#### [WHAT THE EXERCISE ASKS]
Give the listing again word for word, excluding the pictures it contains.

#### [STUDY MATERIAL]
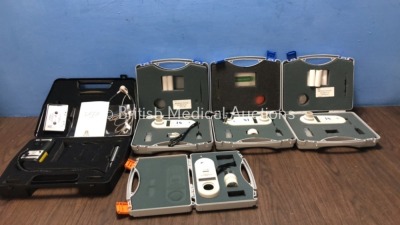 Mixed Lot Including 1 x Huntleigh D500 Mini Doppler Unit (Powers Up) 4 x Carefusion Micro CO Meters (2 Power Up, 2 No Power)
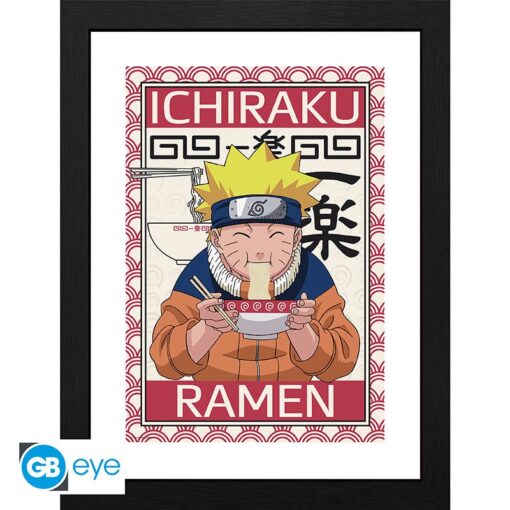 NARUTO - Framed print "Ichiraku Ramen" (30x40)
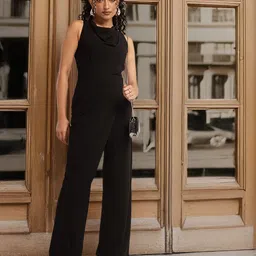 glitchez Glam Chic Cowl Neck Styled Back Party Basic Jumpsuit-picture-20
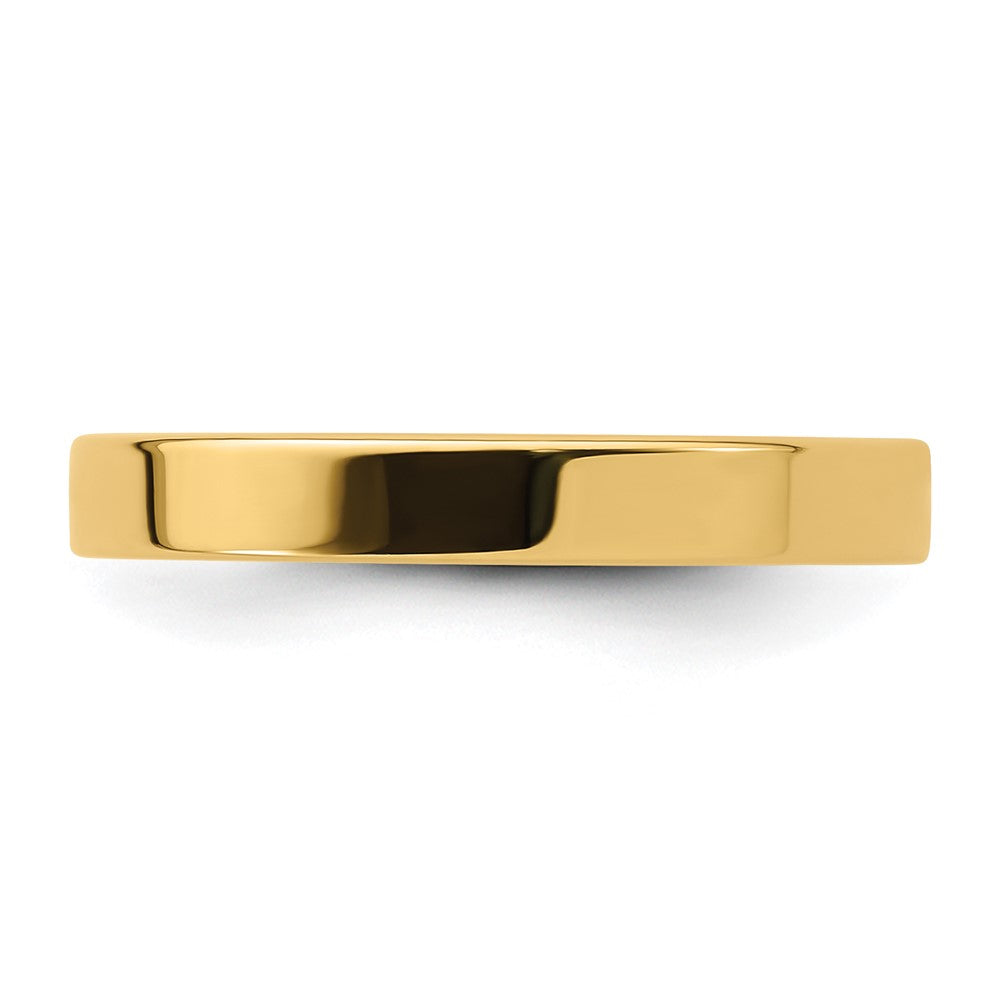 14k Yellow Gold 3mm Standard Weight Flat Comfort Fit Wedding Band Size 8.5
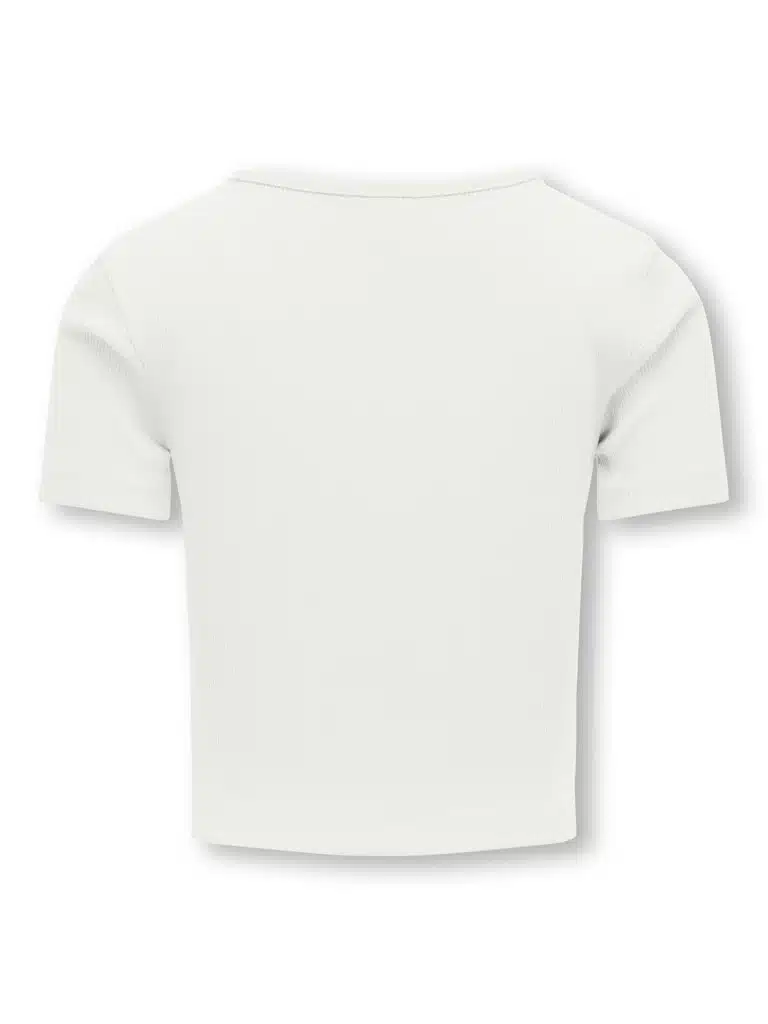 Top fille manches courtes blanc Kids Only | Du 5 au 12 ans – Image 3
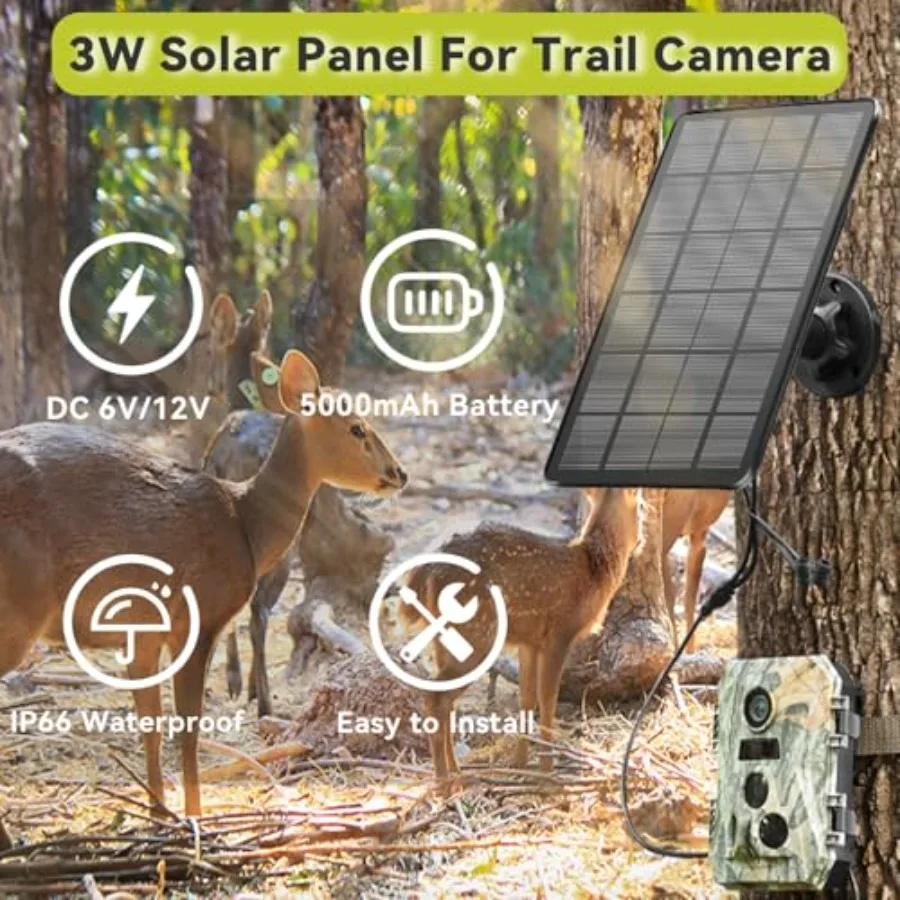 Trail camera solar panel mounting detail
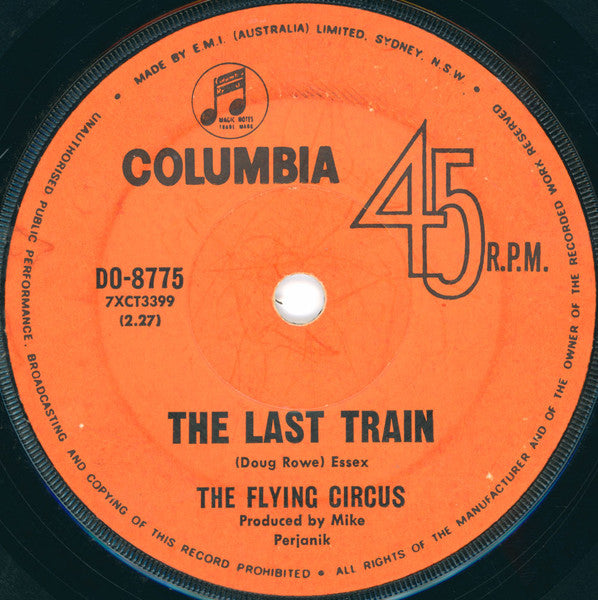 The Flying Circus : La La (7", Single, RP, Ora)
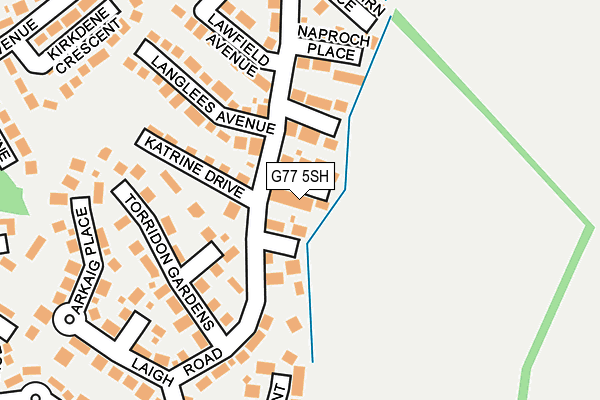 G77 5SH map - OS OpenMap – Local (Ordnance Survey)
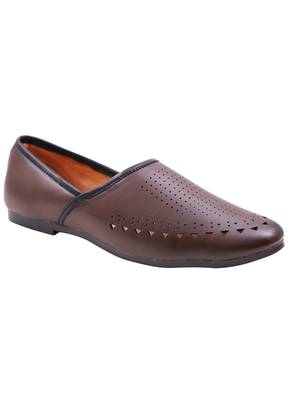 Casual Ethnic Brown Mojari Shoes For Men 3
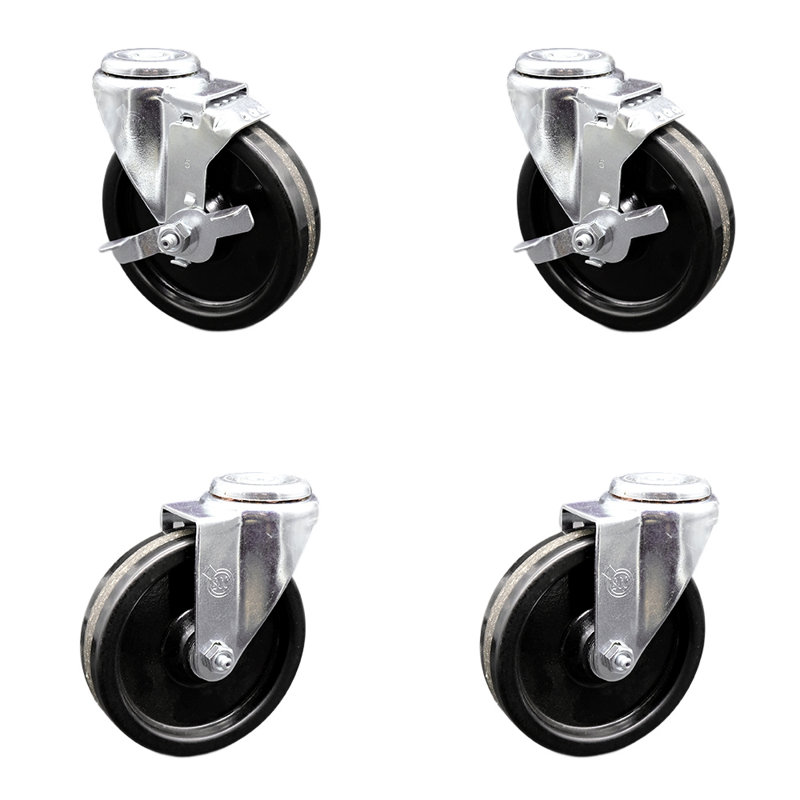 4-Piece Phenolic Caster Set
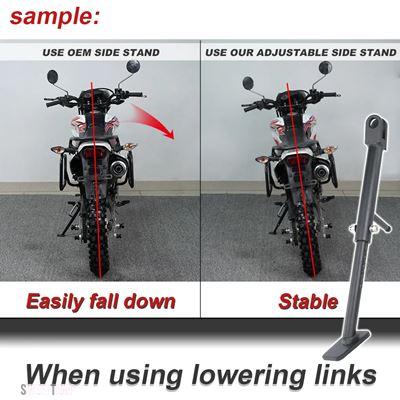 互換品 カワサキ アジャスタブルキックスタンド サイドスタンド 適合車種 Ninja 400 Ex400/e-1 ABS Z400 Z e-1 ABS Ninja 500 Z500 Eliminator 450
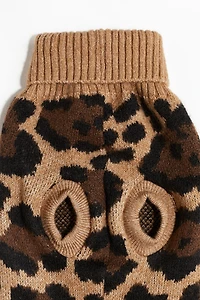 Jacquard-knit Dog Sweater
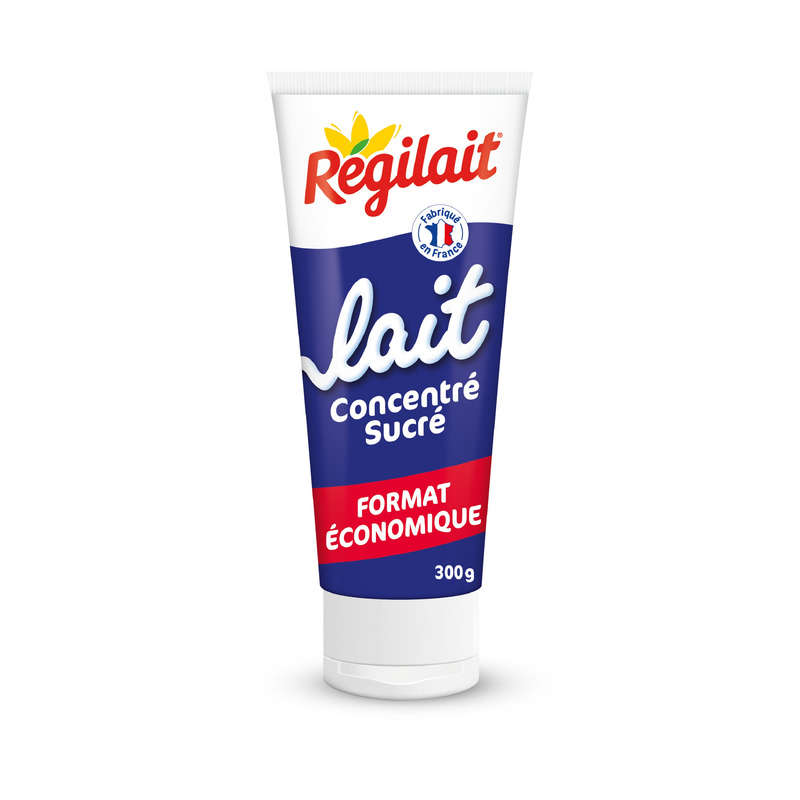 Régilait Lait Concentré Sucré Entier Tube 300g Régilait Lait Concentré Sucré Entier Tube 300g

#### [ANSWER TO THIS EXERCISE]
 Mixed Lot Including 1 x Huntleigh D500 Mini Doppler Unit (Powers Up) 4 x Carefusion Micro CO Meters (2 Power Up, 2 No Power)
 NARUTO - Framed print "Ichiraku Ramen" (30x40)
 glitchez Glam Chic Cowl Neck Styled Back Party Basic Jumpsuit-picture-20
 14k Yellow Gold 3mm Standard Weight Flat Comfort Fit Wedding Band Size 8.5
 Top fille manches courtes blanc Kids Only | Du 5 au 12 ans – Image 3
 Trail camera solar panel mounting detail
 The Flying Circus : La La (7", Single, RP, Ora)
 G77 5SH map - OS OpenMap – Local (Ordnance Survey)
 Casual Ethnic Brown Mojari Shoes For Men 3
 4-Piece Phenolic Caster Set
 互換品 カワサキ アジャスタブルキックスタンド サイドスタンド 適合車種 Ninja 400 Ex400/e-1 ABS Z400 Z e-1 ABS Ninja 500 Z500 Eliminator 450
 Jacquard-knit Dog Sweater
 Régilait Lait Concentré Sucré Entier Tube 300g Régilait Lait Concentré Sucré Entier Tube 300g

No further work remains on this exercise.